Mr. Chairman, dignitaries, ladies, and gentlemen, as I said in the beginning, there’s far more to Archbishop Desmond Tutu than this very incomplete biography indicates. His great contribution to African liberation transcends us. He was the only one of the great African heroes who recognized that oppression is oppression regardless of the skin color, the ideology, the sex, or religion of the oppressor. He was the only one. To you it might sound obvious that this is how it should be. But that wasn’t the case in postcolonial Africa. Because much of the world—and I can relate to all of Garcia’s points—defines freedom in racialist terms. In the world, especially in the Western World, it was often assumed that, well, because Africa has put an end to colonial rule, Africans must be free. You and I know that is patently false. The fact of the matter is that true freedom never came to Africa. See, what we did in Africa was trade one set for another set. We traded white colonialists for black neocolonialists. And the oppression and the exploitation of the African people went on unabated. That wasn’t true freedom. As a matter of fact, independence was in name only.

Now, in the West, you couldn’t say this because political correctness stood in the way. You couldn’t condemn the atrocities of black African leaders because if you did so, and if you were a white person, you were called a racist. And African Americans also shied away from criticizing black African leaders because they wanted to express racial solidarity with them. So nobody would touch black oppression in Africa. And in Africa, we couldn’t also criticize the oppression of black African leaders against their own people. Why? Because their leaders were afflicted with what I call “intellectual astigmatism.” They could see with eagle-eye clarity the oppression perpetrated against black people by the whites, but they were hopelessly blind to the atrocities and the injustices meted out against black people by their own black African leaders.

Now, this double standard is was what has caused the ruination of postcolonial Africa. It’s an abominable double standard. When Idi Amin was butchering Ugandans at the rate of 100 per day, nobody lifted a finger to condemn it. The world kept quiet. Had that many African giraffes been slaughtered, you could have imagined the uproar in the whole world. Now this double standard is preventing the black African leaders from criticizing the abomination that we have in Zimbabwe today. Why aren’t they criticizing Mugabe? Two reasons. The first, they want to express that there’s an African solidarity which says that it is a taboo for one African leader to criticize another. Then there is a second reason. The second reason is that these leaders themselves are doing exactly the same thing against their own black people in their own black African countries, so who are they to criticize Mugabe? Out of the 54 African countries, only 16 of them are democratic. So who are they to promote democracy in Africa?

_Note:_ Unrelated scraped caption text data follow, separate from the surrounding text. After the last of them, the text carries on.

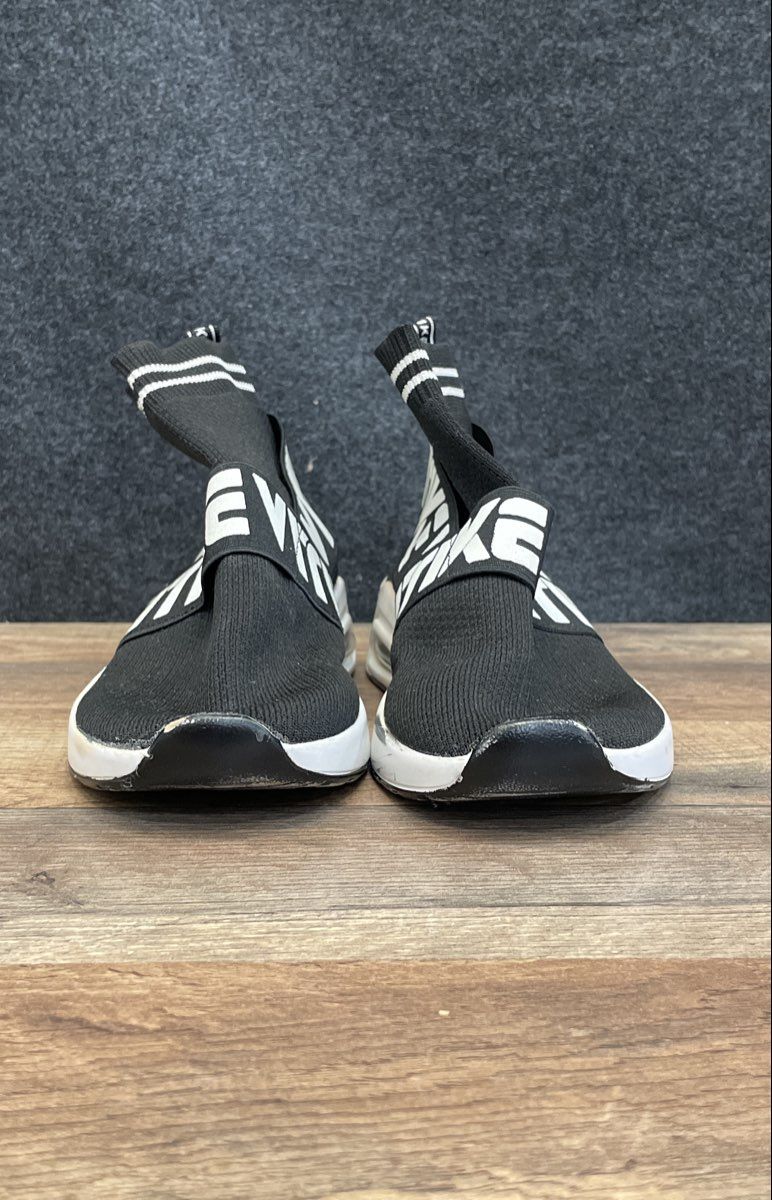 Vitike Black White Knit Elastic Strap Sock Sneaker High Top Size 36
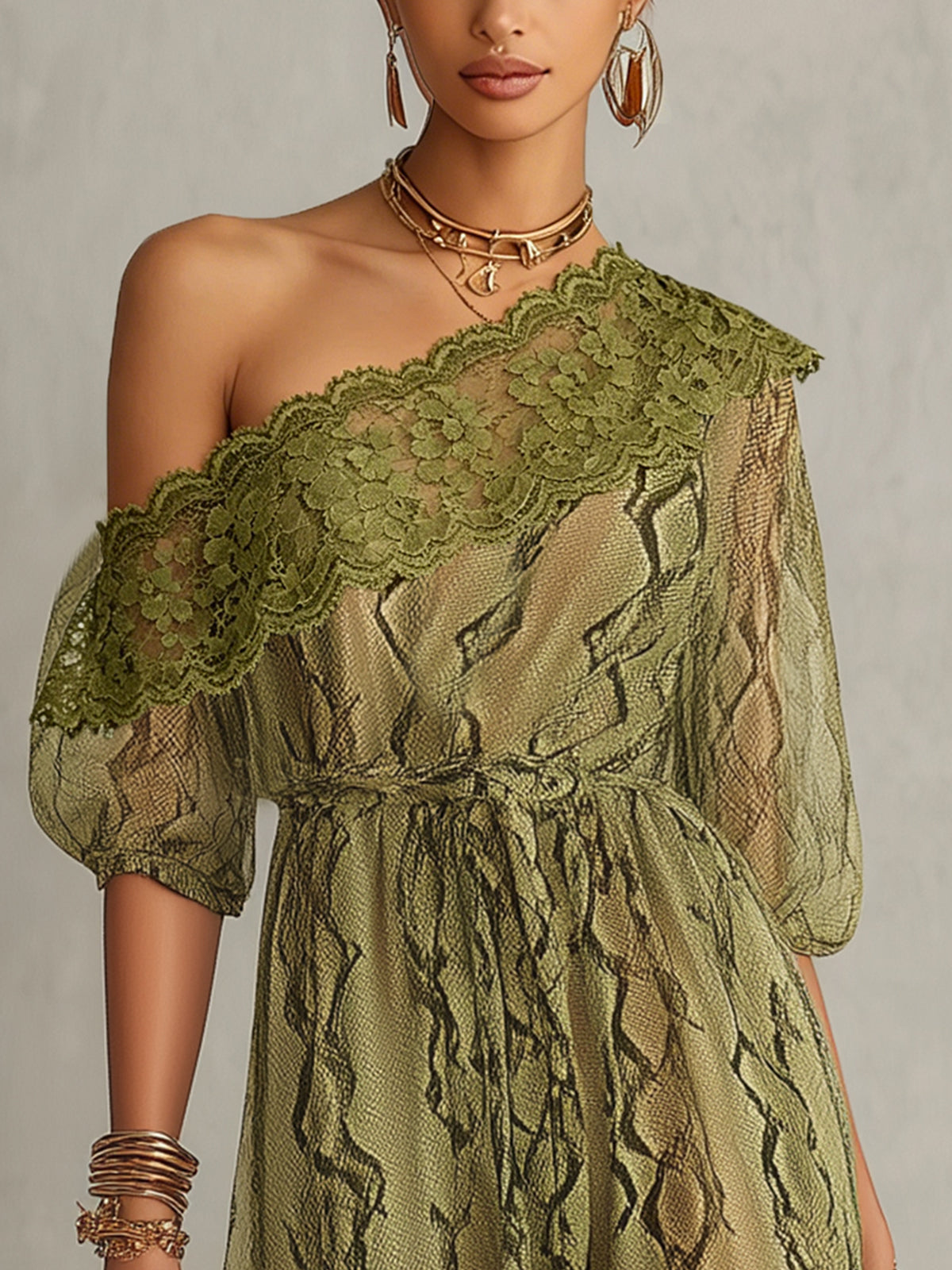 Olive Green One-Shoulder Lace Trim Snake Print Chiffon Mini Dress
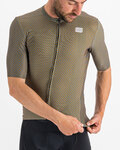 SPORTFUL Cycling short sleeve jersey - CHECKMATE - brown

This is the hypocrisy, and the painful truth, which has been raging across Africa. These were the leaders who were marching out of South Africa to demand one man, one vote, which the blacks should have. But they themselves had instituted in their countries de facto apartheid regimes against their own black people. Archbishop Desmond Tutu saw this hypocrisy and railed against it. May God bless him.

Apartheid by definition, or in essence, means exclusion or separation. It’s a system of government where a group has monopolized both economic and political power and uses that to advance their interests to the total exclusion of everybody else. Now, well, let me tell you something. I got news for you. This was exactly the same type of governance we had in the rest of Africa. In South Africa, it was the whites who monopolized political and economic power to advance their interest and exclude the blacks. We all knew that. In Sudan and Mauritania, it was the Arabs who monopolized both economic and political power, and used that to advance their interests and exclude the blacks. In Rwanda and Burundi, it was the Hutus and Tutsis who monopolized political power and then practiced tribal apartheid. Elsewhere in Africa, there was one political party which monopolized political and economic power and used that to advance their interests and their one party system.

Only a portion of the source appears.